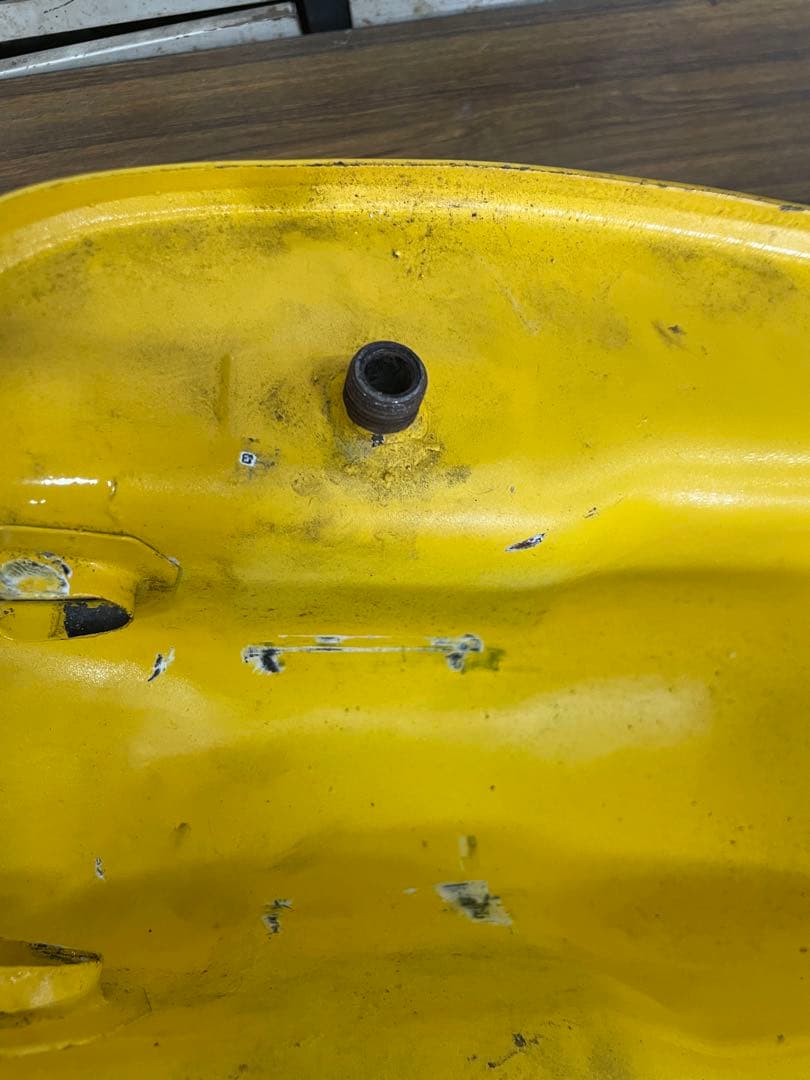 HONDA GORILLA タンク イエロー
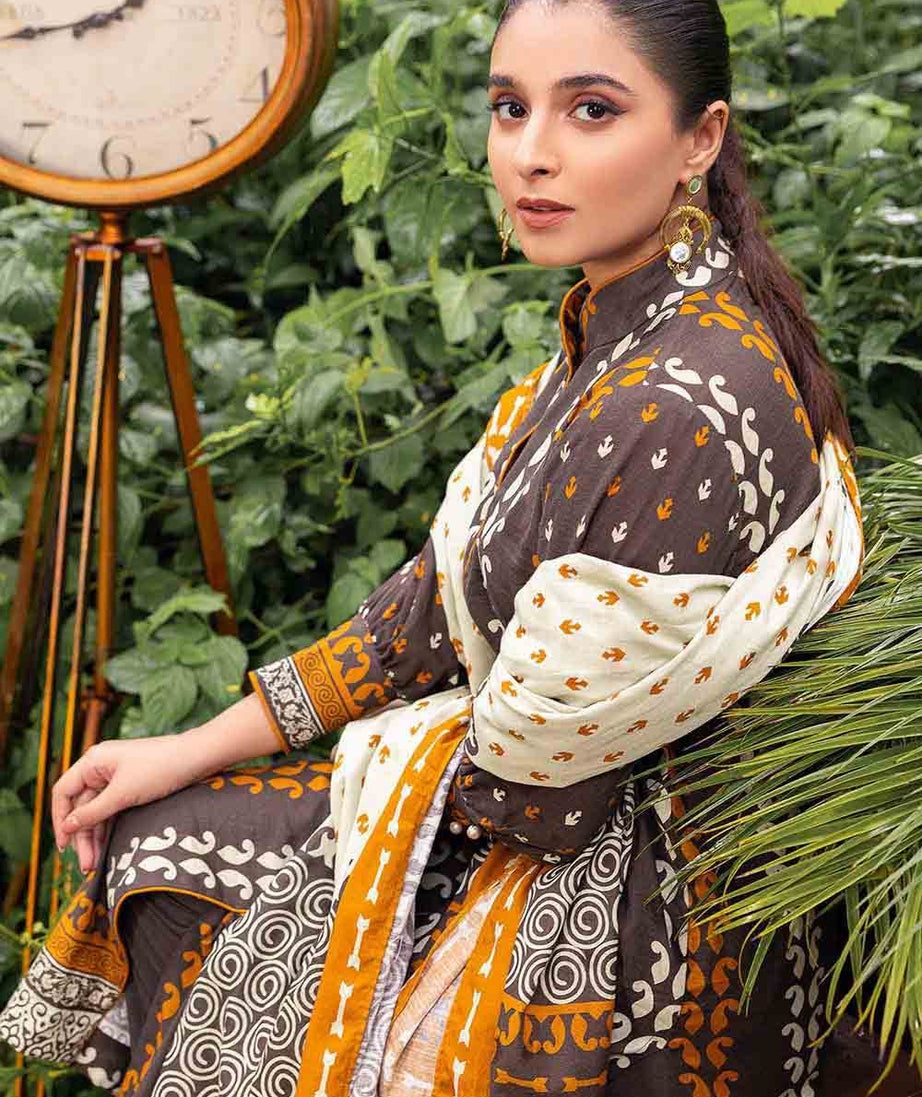 Gul Ahmed Winter Collection`22 K#22042-B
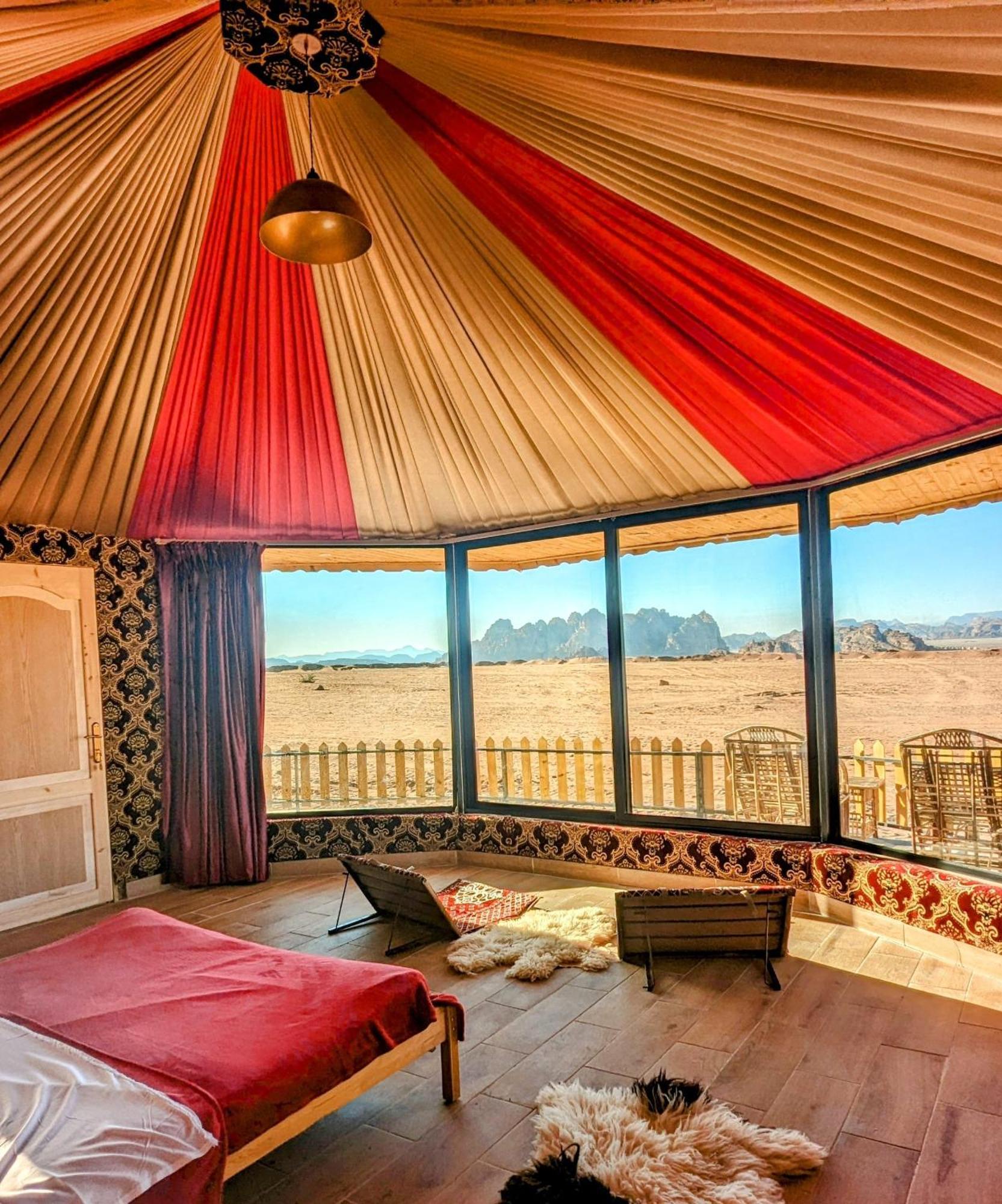 Desert Magic Camp & Resort Wadi Rum Exteriör bild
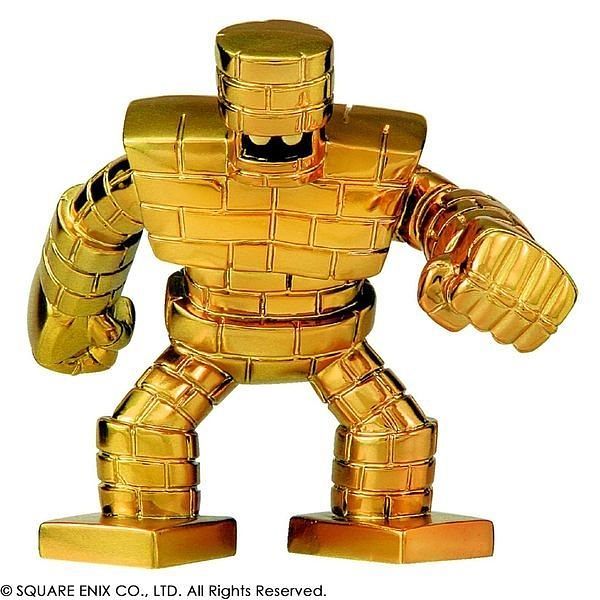 DRAGON QUEST: METALLIC MONSTERS GALLERY GOLDMAN ของแท้ญี่ปุ่น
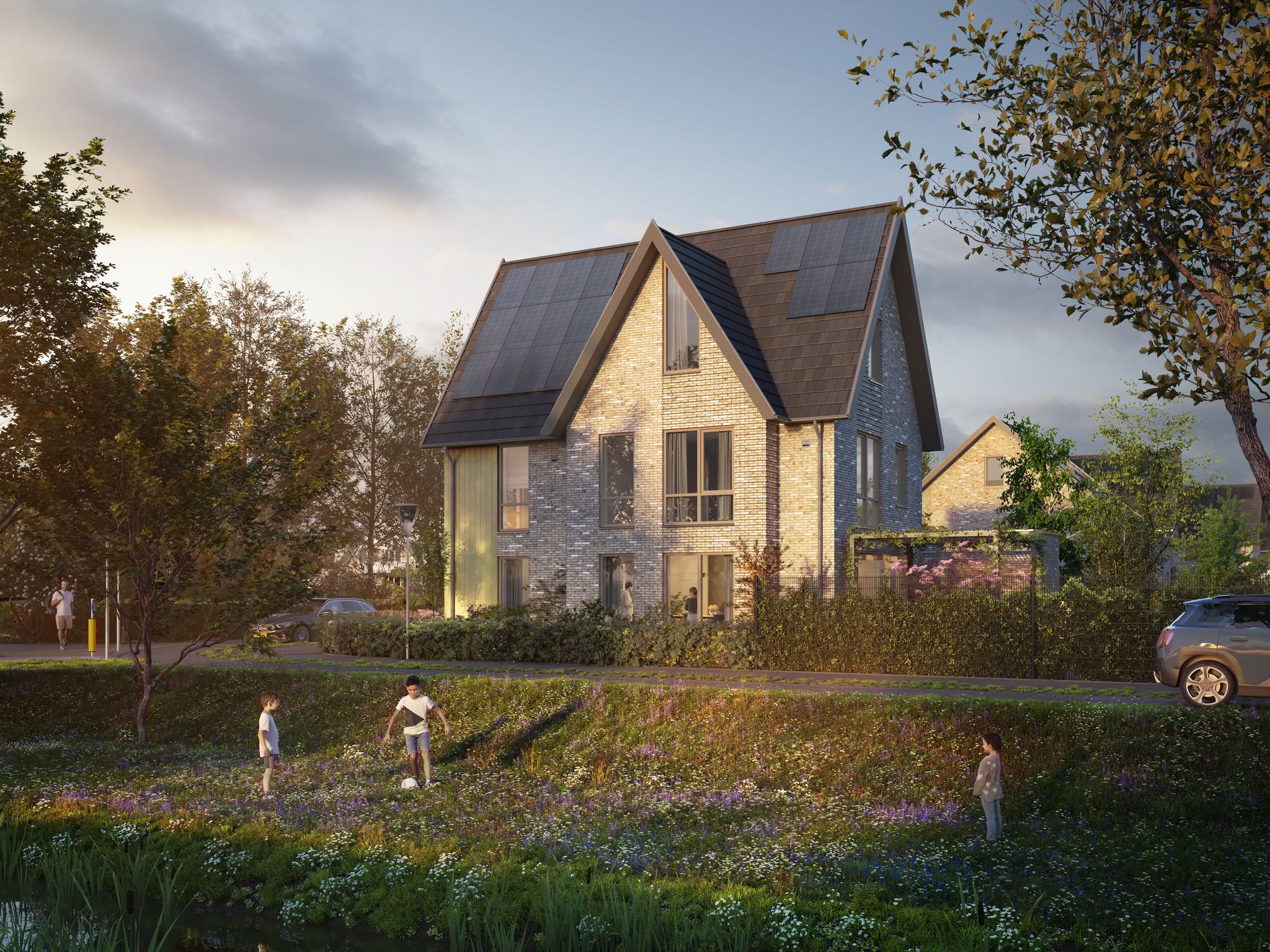 Foto 6 van Hoekwoning (F) (Bouwnr. 011)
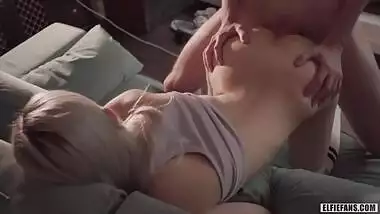 Pink pussy tastes so sweet to cum inside - Eva Elfie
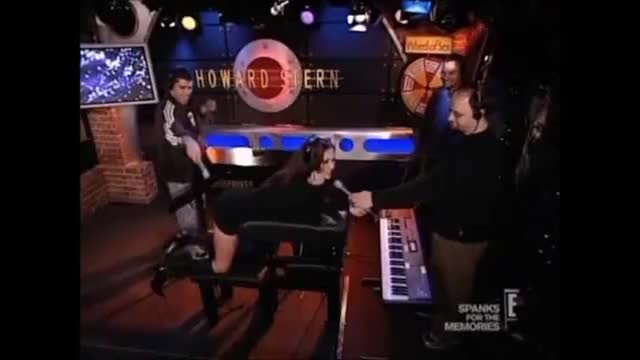 The Howard Stern Show - Jessica Jaymes In The Robospanker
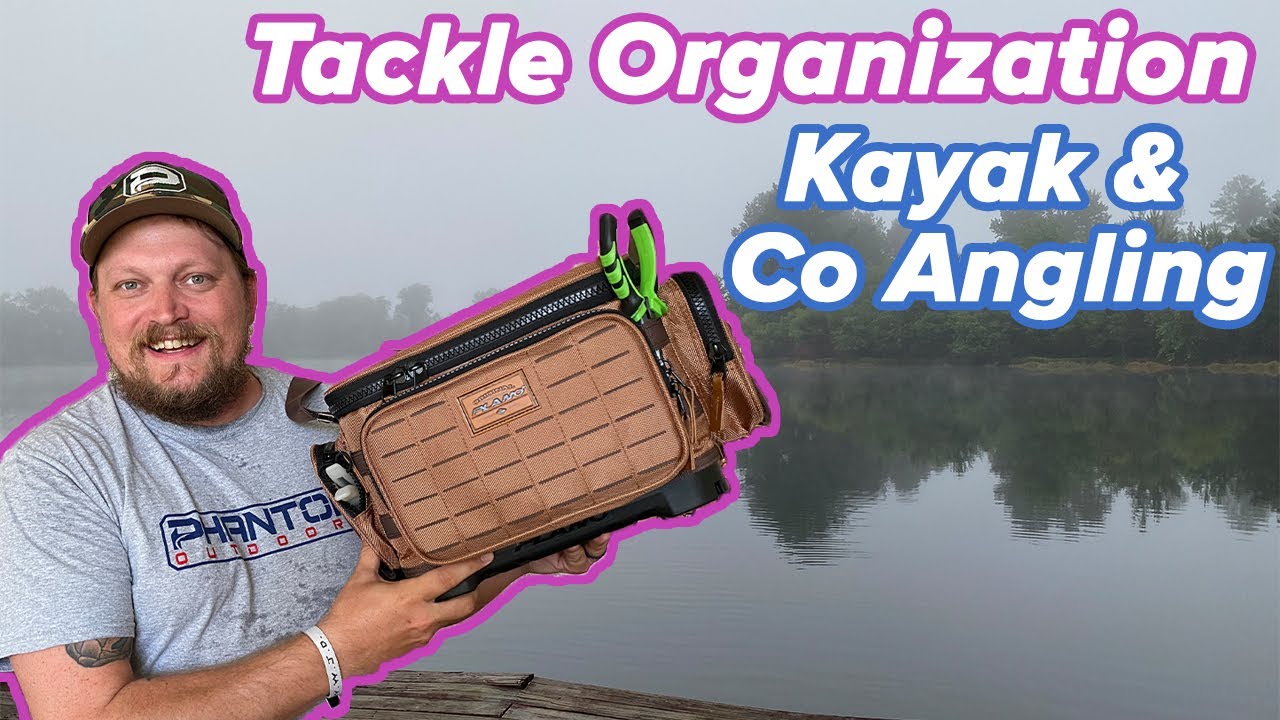 The PERFECT TACKLE ORGANIZATION for KAYAKING & CO ANGLING?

» **The problem**
An exact copy of the records is required. Pictures do not belong in it.

» **Answer space**
 HONDA GORILLA タンク イエロー
 Gul Ahmed Winter Collection`22 K#22042-B
 Desert Magic Camp & Resort Wadi Rum Exteriör bild
 DRAGON QUEST: METALLIC MONSTERS GALLERY GOLDMAN ของแท้ญี่ปุ่น
 Foto 6 van Hoekwoning (F) (Bouwnr. 011)
 Pink pussy tastes so sweet to cum inside - Eva Elfie
 The Howard Stern Show - Jessica Jaymes In The Robospanker
 The PERFECT TACKLE ORGANIZATION for KAYAKING & CO ANGLING?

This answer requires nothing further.